Public domain twitter sentiment corpus


#1

I want to release a data set useful for training twitter sentiment analysis algorithms. It consists of ~4500 sentiment-labeled tweets. It would be publicly available and distributed without charge.

However, I’m afraid the data may violate the API ToS, specifically term 4A.

The data set consists of:

  • tweet text
  • tweet creation date
  • hand-curated tweet topic
  • hand-curated sentiment label: “positive”, “neutral”, “negative”, or “irrelevant”

Does this violate the ToS? Is there anyone I can contact to get permission to release it?


#2

Hello,

Under our API Terms of Service (https://dev.twitter.com/terms/api-terms ), you may not resyndicate or share Twitter content, including datasets of Tweet text and follow relationships. You may, however, share datasets of Twitter object IDs, like a Tweet ID or a user ID. These can be turned back into Twitter content using the statuses/show and users/lookup API methods, respectively. You may also share derivative data, such as the number of Tweets with a positive sentiment.

As such, if you would like to share this data set, you will need to remove the tweet text and creation date from the data set and replace these with the appropriate Tweet ID. Let me know if you have any further questions.

Thanks,
Brian
Twitter API Policy


#3

Brian,

Thanks for the quick reply.

I’ll distribute a script to help my users recreate the dataset from only the twitter ids.

It looks like I’ll have to pull the tweet texts individually using statuses/show. With rate limiting of 350/hr, that comes out to ~13 hours to download 0.5 MB of text. Yipes.

Cheers,
Niek


#4

Hi Niek,

I’m very interested in your dataset. We are currently building twitter sentiment analysis algorithms and this set is exactly what I was looking for.

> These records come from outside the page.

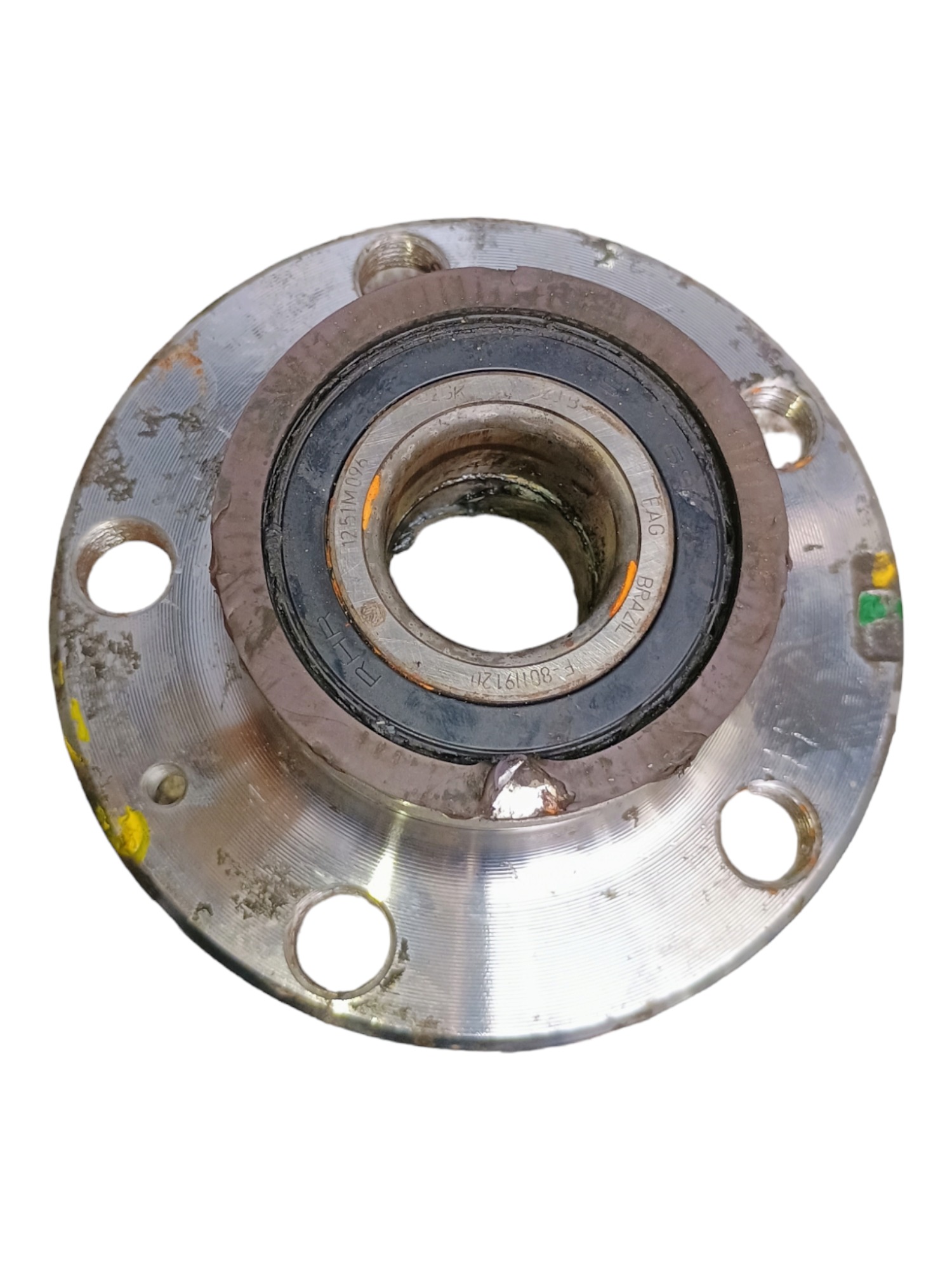 Cubo De Roda Traseiro Direito Vw Fox 2017 2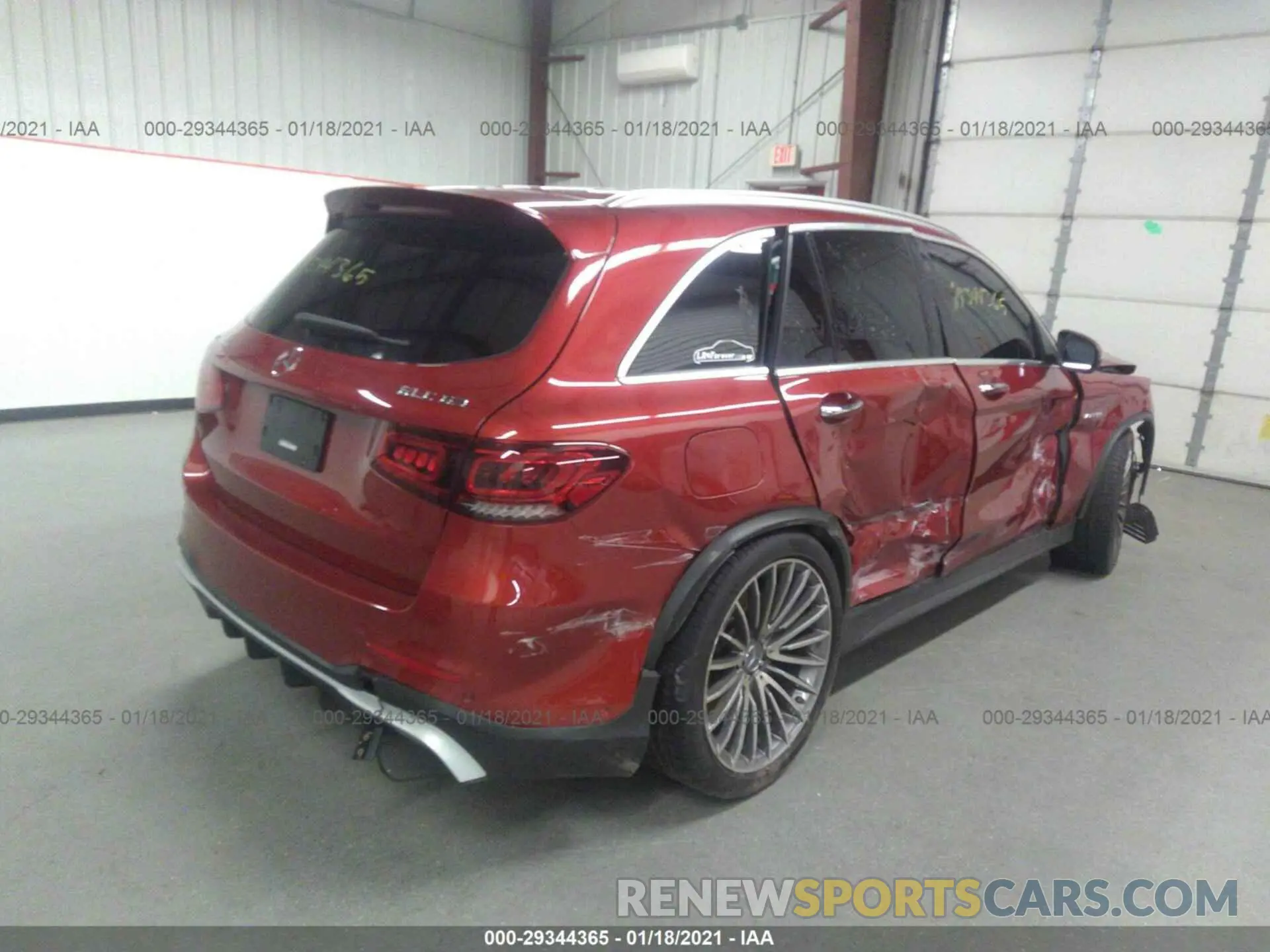 4 fotografías del automóvil dañado WDC0G8JB5LF696473 MERCEDES-BENZ GLC 2020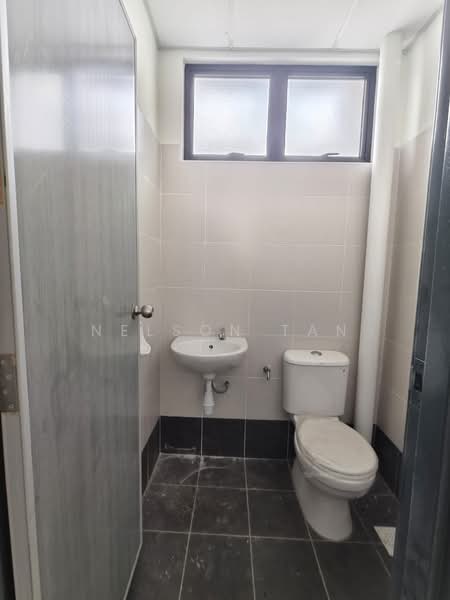 Kedai / Pejabat untuk Disewa di Bandar Cemerlang (Ulu Tiram) - Nelson Tan - PropertyGuru.com.my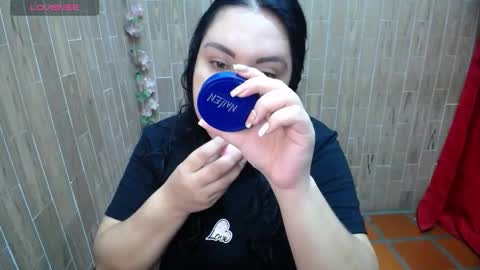 Snapshot of katy2425 chatting on January 2026 12:56:01 AM Katy online show from January 2026 12:56:01 AM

Much appreciated if you could keep me informed where you’re going to publish your dataset.

Regards, Tim


#5

The dataset should be going up tomorrow. I’ll drop a link here when it does.

Best,
Niek


#6

The corpus is now available for download:
http://www.sananalytics.com/lab/twitter-sentiment/

It includes a small Python script to work around retardation in Twitter’s ToS.


#7

Have not used the corpus yet, but just wanted to express my appreciation for making it available.


#8

thanks for share, maybe i will ask personally about this dataset in future…


#9

Thanks a lot!
I’m working on my PhD dissertation and I need some tweets to train the system I’m developing.
I’ll play with it and I’ll give you my feedback.


#10

Thanks! I’m also working in my PhD with tweets and I need a dataset.


#11

Hi Niek,

I just got your script to download the corpus. Planning to use an existing classifier on your corpus. Will keep you posted. But before that, thank you so much for your contribution.


#12

hello sanders, thank you for dataset. have u made some publication papers about that sentiment analytics? i allready googling and can find any papers related to you. if you allready made, can i read and learning, i wanna add as my papers reference.

many thanks,
ekky


#13

Thanks a lot


#14

anyone can help me to retrieve the corpus, it takes a long time for this.


#15

I can minimize the number of tweets from 5513 to 1000?


#16

Hi Brian,

A team in our college is conducting an online contest where the plan is to provide the participating groups the following:

  1. A list of tweetids(Not tweet text).
  2. For every tweetid, the corresponding hand-curated topic class the tweet text belongs to(say ‘Politics’ or ‘Sports’)
  3. A script(using standard Twitter API) to download the tweet texts from a list of published tweetids.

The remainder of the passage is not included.